### Information provided

Start of Block

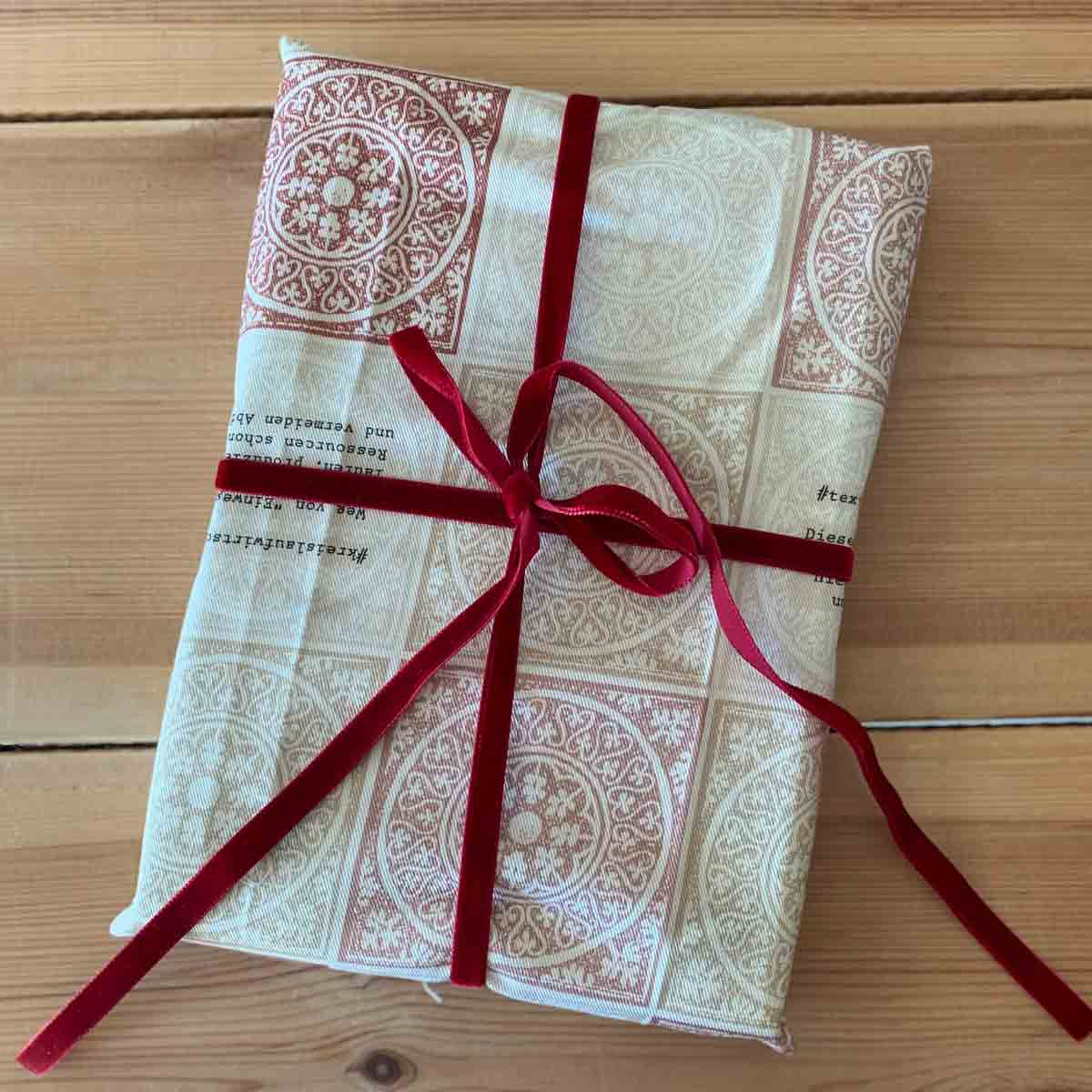Geschenkverpackung Wiederverwendbar Weihnachten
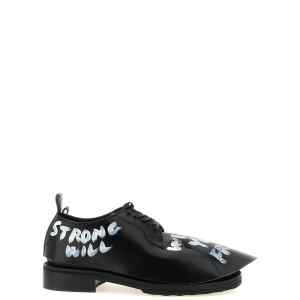 Comme Des Garçons Homme Plus Commedesgarçonshommeplus X Kidslovegaite Lace-up Shoes
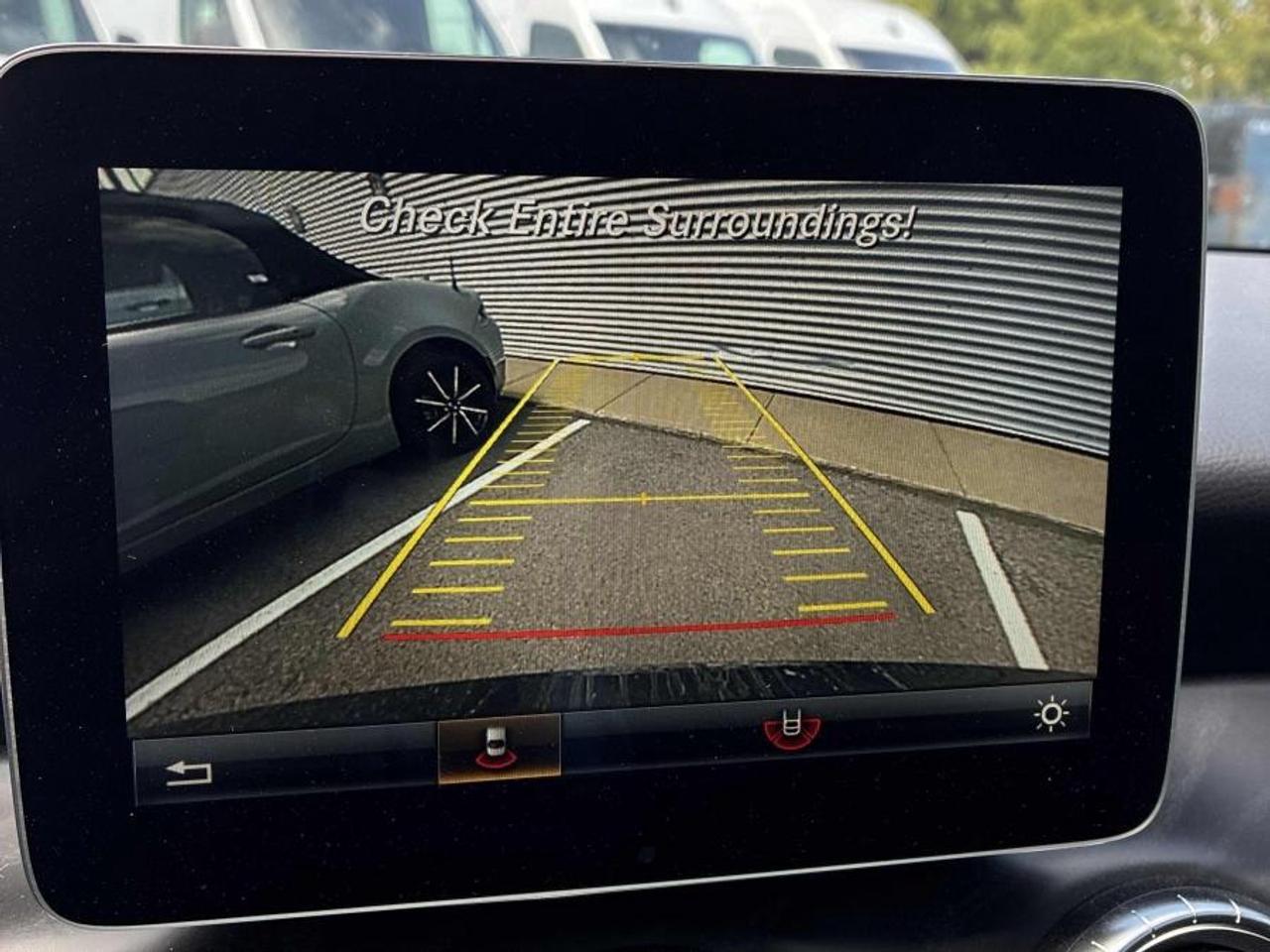 2018 Mercedes-Benz CLA-Class CLA 250 4MATIC PREMIUM PCKG /AMG SPORT PCKG /NAVI Photo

End of Block

### What you have to do
From the line containing "Comme Des Garçons" down to the end of the listing above, every line is to be returned exactly, though the pictures are not.

### Exercise response
 Comme Des Garçons Homme Plus Commedesgarçonshommeplus X Kidslovegaite Lace-up Shoes
 2018 Mercedes-Benz CLA-Class CLA 250 4MATIC PREMIUM PCKG /AMG SPORT PCKG /NAVI Photo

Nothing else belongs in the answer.